** Work instructions **
Give every line of the data again, unchanged, but with no pictures.

** Data segment **

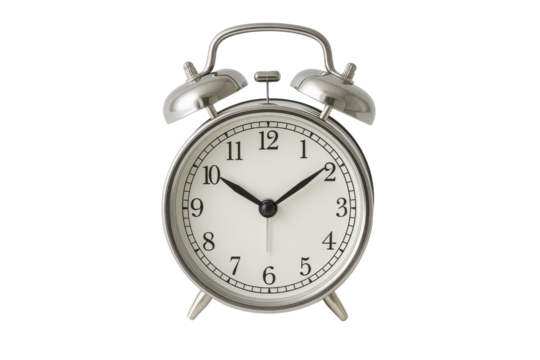 An alarm clock in detail shows time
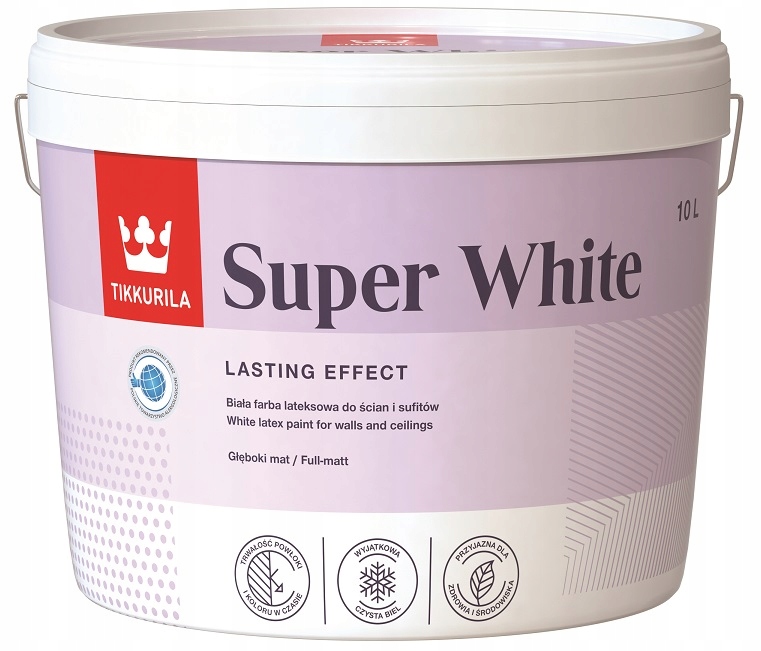 TIKKURILA SUPER WHITE FARBA LATEKSOWA BIAŁA 10L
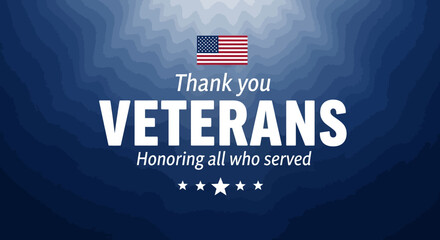 Patriotic Veterans Day Tribute with American Flag and Gratitude Message.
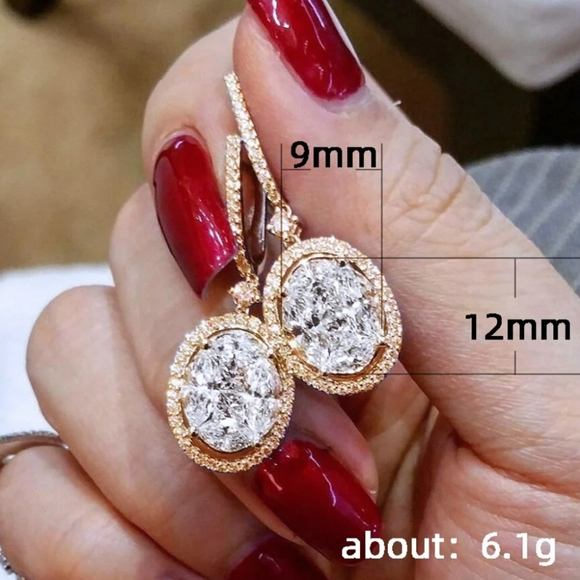 🎀18k/925 Classic Diamond Drop Earrings - Picture 5 of 5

** Your response **
 An alarm clock in detail shows time
 TIKKURILA SUPER WHITE FARBA LATEKSOWA BIAŁA 10L
 Patriotic Veterans Day Tribute with American Flag and Gratitude Message.
 🎀18k/925 Classic Diamond Drop Earrings - Picture 5 of 5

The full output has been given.